"We can't just hold him because he's a suspect. We have to charge somebody with a crime to hold them. But we want to make sure that's the right charge, otherwise we can cross both legal and evidentiary problems with our case."
In the time since the crash happened, more than a month ago, police -- and we here at News 13 -- have gotten a lot of calls from people wondering why it took so long to take action.
Actually, they were expecting him to turn himself in. Officials say they never lost touch with Arthur throughout the entire investigation process.
There are still a lot of people wondering why it took so long for this day to come.
District Attorney Michael Blonigen says, "he contacted us yesterday through an attorney and we arranged for him to surrender himself this morning without any difficulty."
Lamont Arthur Junior wasn't placed in custody after failing a field sobriety test, but officials say they wanted to avoid a double jeopardy situation.
Sgt. Rich Brown says, "it was a complex investigation with a lot of moving parts. A lot of people wanted him arrested initially on scene for a DUI which would be a misdemeanor, but that also gives the person an opportunity to bond out and creates a double jeopardy situation when we come with more serious charges down the road."
Basically, had Arthur Junior been placed into custody that night for a DUI, he could have paid a $750 bond and walked free without being tried for aggravated vehicular homicide at all.
Officials say they wanted all their ducks in a row.
Blonigen says, "we can't just hold him because he's a suspect. We have to charge somebody with a crime to hold them. But we want to make sure that's the right charge, otherwise we can cross both legal and evidentiary problems with our case."

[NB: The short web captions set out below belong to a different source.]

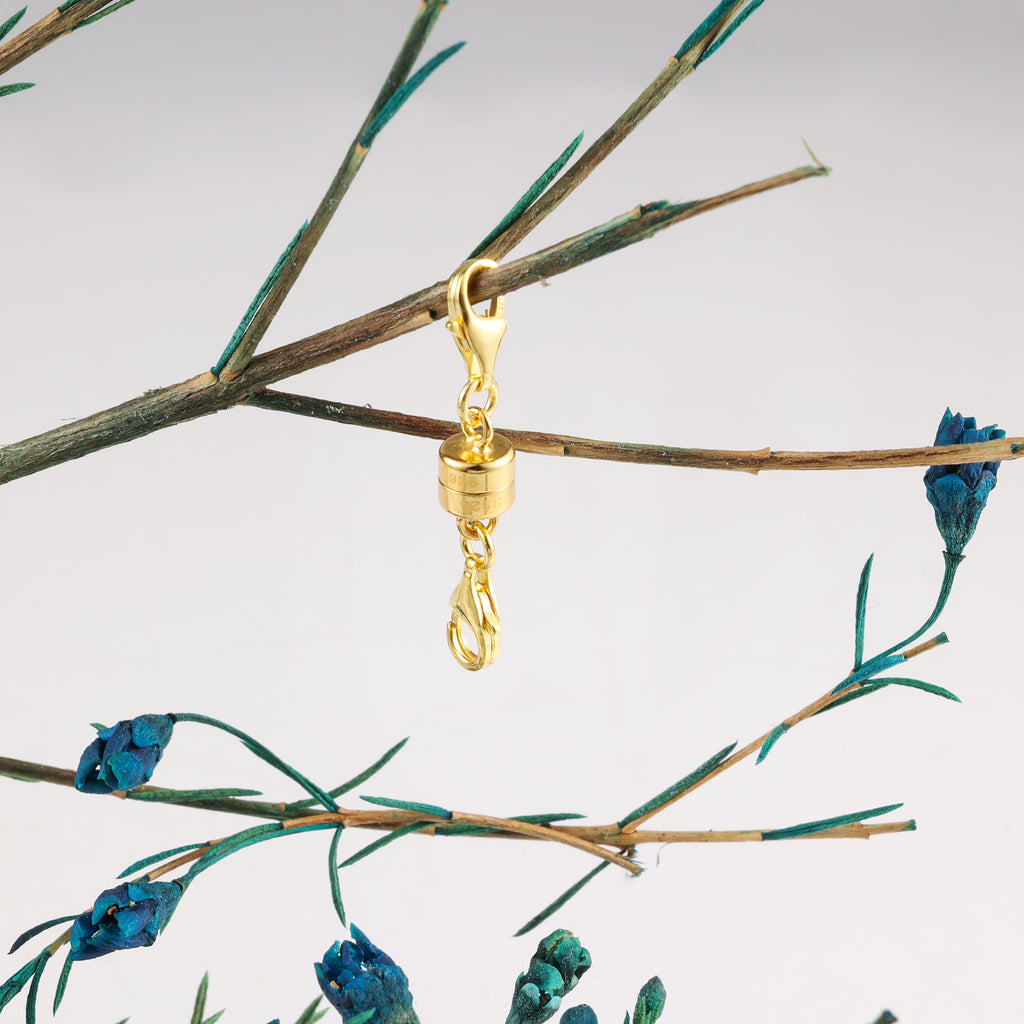 Gold magnetic clasp converter with swivel clasp and chain links, attached to necklace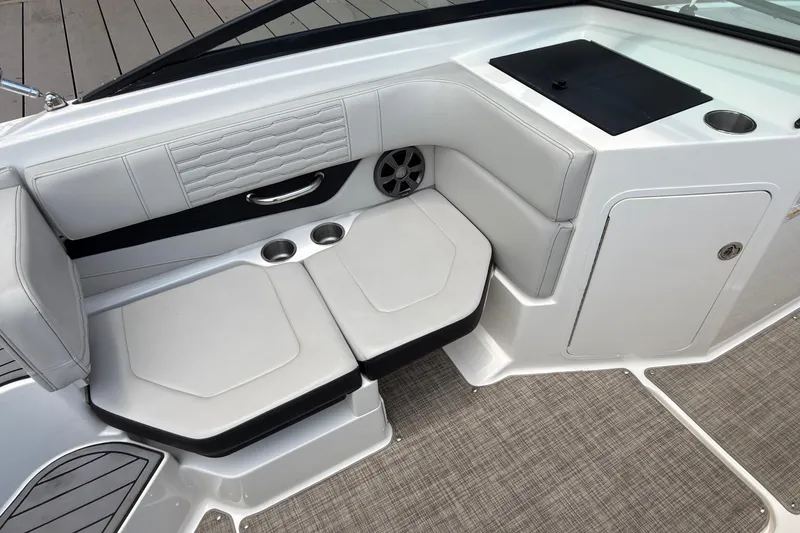 Slide: The Image of 2021 Sea Ray SPX 190 boat interior with cushioned seating and cup holders. - 9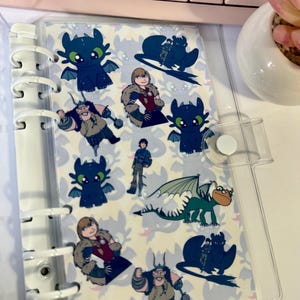 May include: A clear, plastic binder with a variety of colorful cartoon character stickers. The stickers feature characters from the "How to Train Your Dragon" franchise, including dragons and Viking characters. The binder is open, revealing the stickers inside.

And Casper officials say they kept tabs on Arthur Junior from day one.
Brown says, "we were in contact with Lamont Arthur Junior during the whole investigation. We knew where he was at. He agreed to turn himself in, and he did turn himself in this morning."
Officer Joe Nickerson says, "cases like this can be very frustrating though because it's hard for the public to understand the procedure that we use. And it's been explained the double jeopardy issue, the reason why we did not charge him with a DUI initially while we had to wait until we had our entire case built."
Sergeant Brown says people may have been frustrated... But they feel they did what they had to.
"We're looking for justice for the family, you know. I could do something like that, but that would jeopardize justice for both parties. We're a neutral party and I understand that somebody was killed and we understand that and we want to put together a strong case ."
Arthur Junior could spend up to 20 years in prison if convicted of the vehicular homicide charge and a maximum of 10 years if found guilty of the aggravated assault charge... Those terms could run concurrently.
Blonigen says the deceased Harker's wife, Stacy, is being kept up-to-date on the situation. She was in the courtroom this afternoon and told News 13 it was a huge relief to see him arrested.